Colloquium - Geoff Potvin
Disciplinary Differences in Physical Science and Engineering Students' Aspirations and Self-Perceptions
Geoff Potvin Department of Engineering & Science Education Clemson University
For a number of years, a problem of major concern for continued growth and development in the U.S. has been the recruitment and retention of a larger and more diverse pool of students trained in science, technology, engineering, and mathematics (STEM) fields, with particular emphasis on the physical sciences and engineering. However, the self-perceptions, aspirations, and values of students intending to major in the physical sciences and engineering have not been well studied, particularly within engineering disciplines (where students are sometimes treated as a relatively homogeneous group despite educators' knowledge of the diversity of opportunities and technical specialties across these fields), which limits our ability to successfully expand the pool of STEM recruits. Moreover, initiates just starting their post-secondary education may not perceive disciplines as experts do: they may identify and find affinity for features of an engineering or science specialty that may not be consistent with practice. In this talk, I will present an analysis that explores differences between students who have expressed intentions to major in several different engineering disciplines as well as physics and chemistry. The data is drawn from a nationally-representative survey of 6772 students enrolled at 50 colleges and universities in the U.S. and includes information on students' backgrounds, high school experiences, career goals and personal values. The findings indicate substantial differences between students intending different STEM careers in terms of their outcome expectations, self-beliefs (performance/competency, interest, and recognition in: science-general, physics, and mathematics) and two measures of agency beliefs ("personal" and "global"). These results should inform the future recruitment of physical science and engineering majors by more effectively identifying for students the relevant features of a discipline and broaden recruitment efforts by allowing for the identification of potential scientists and engineers who might have been overlooked.

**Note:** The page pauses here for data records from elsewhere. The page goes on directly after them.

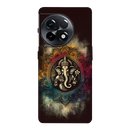 OnePlus 11R Skins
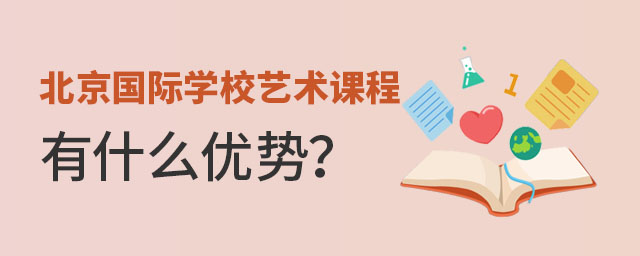 ˇg(sh)ṅ(gu)HW(xu)Уʲô(yu)(sh).jpg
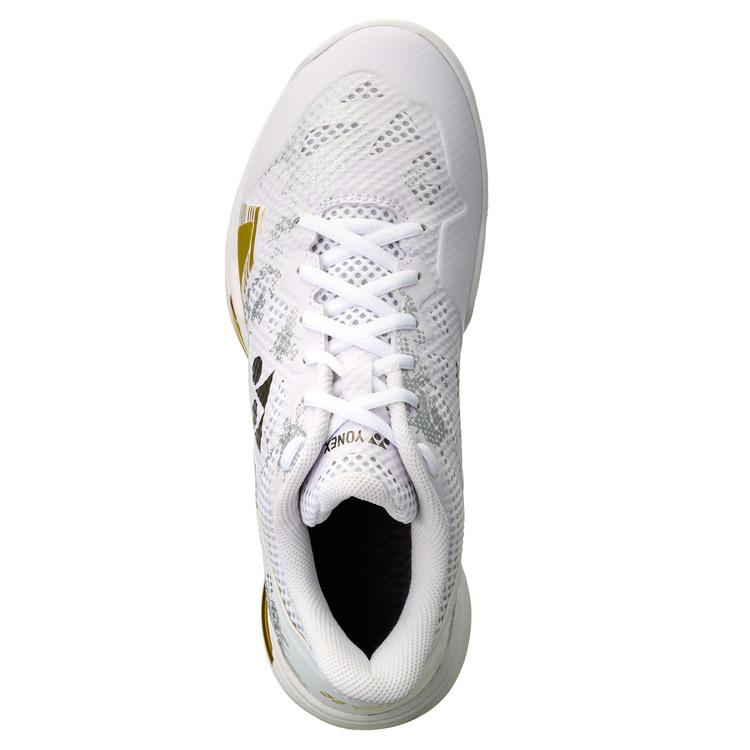 YONEX バドミントンパワークッションSHBELZ3 M-532 24.0 YONEX（ヨネックス） 「最短当日出荷」ヨネックス バドミントン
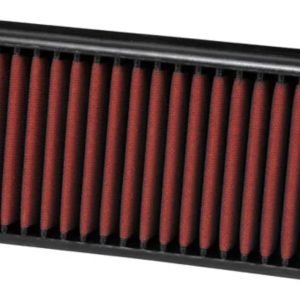 AEM INDUCTION AEM DryFlow Air Filter - AEM-28-20181
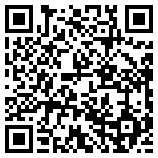 QR Code for Austin St Hair Studio in Fredericksburg, TX 78624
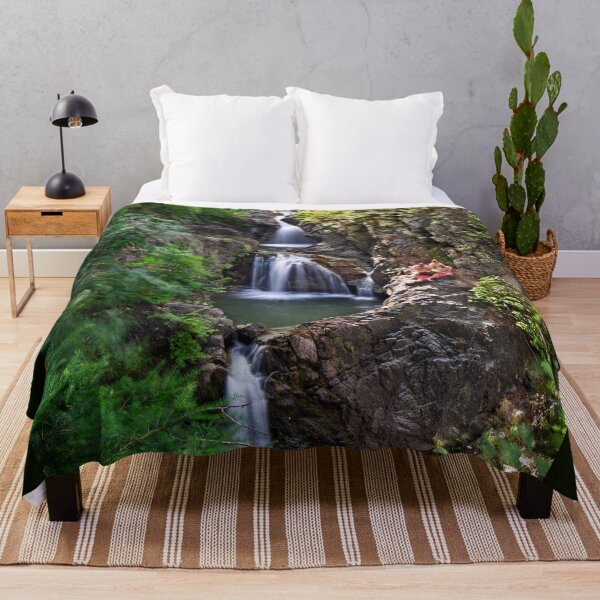 Item preview, Summer in the Greek mountains designed and sold by Hercules Milas.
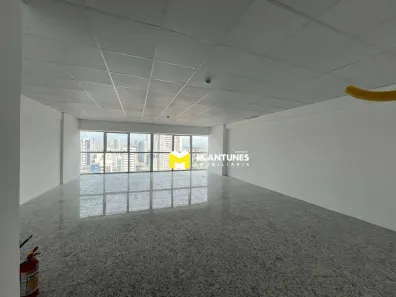 Sala Comercial para alugar, 65m² no Boa Viagem, Recife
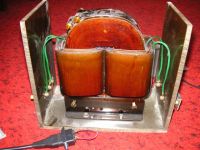1190211090 152 FT0 Transformer 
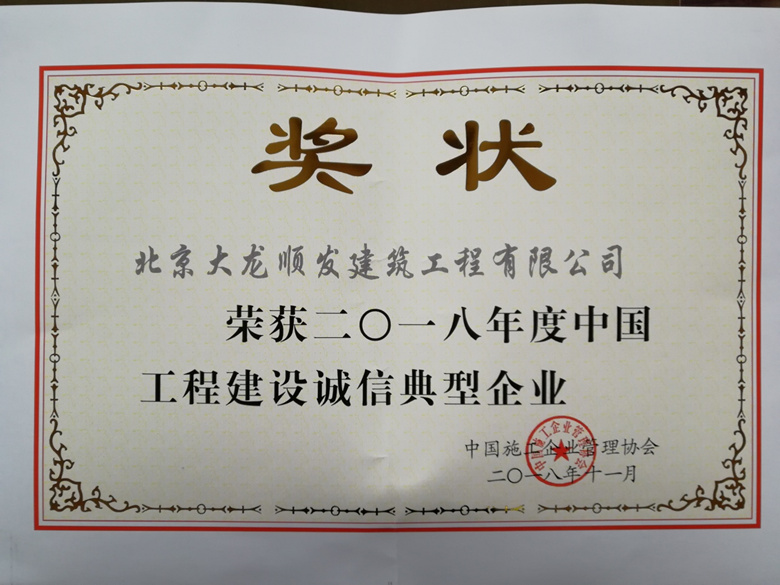 九游老哥J9俱乐部官网 - J9俱乐部老哥互换社区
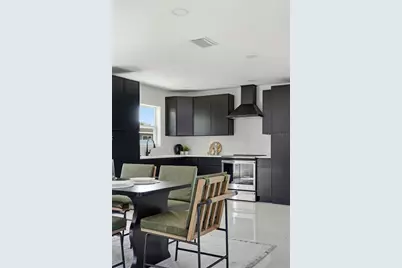 4808 W Bay Court Avenue, Tampa, FL 33611 - Photo 22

Geoff Potvin has been an Assistant Professor in the Department of Engineering & Science Education at Clemson University since 2008, and is the inaugural Graduate Coordinator of Clemson’s PhD in Engineering & Science Education. His current work is supported by NSF Grants # 1036617 and 1043707. He teaches courses in undergraduate mathematics and physics as well as graduate STEM education. Previously, he completed a doctorate in theoretical physics focusing on gravitational aspects of string theory at the University of Toronto and held a postdoctoral position in science education at the University of Virginia.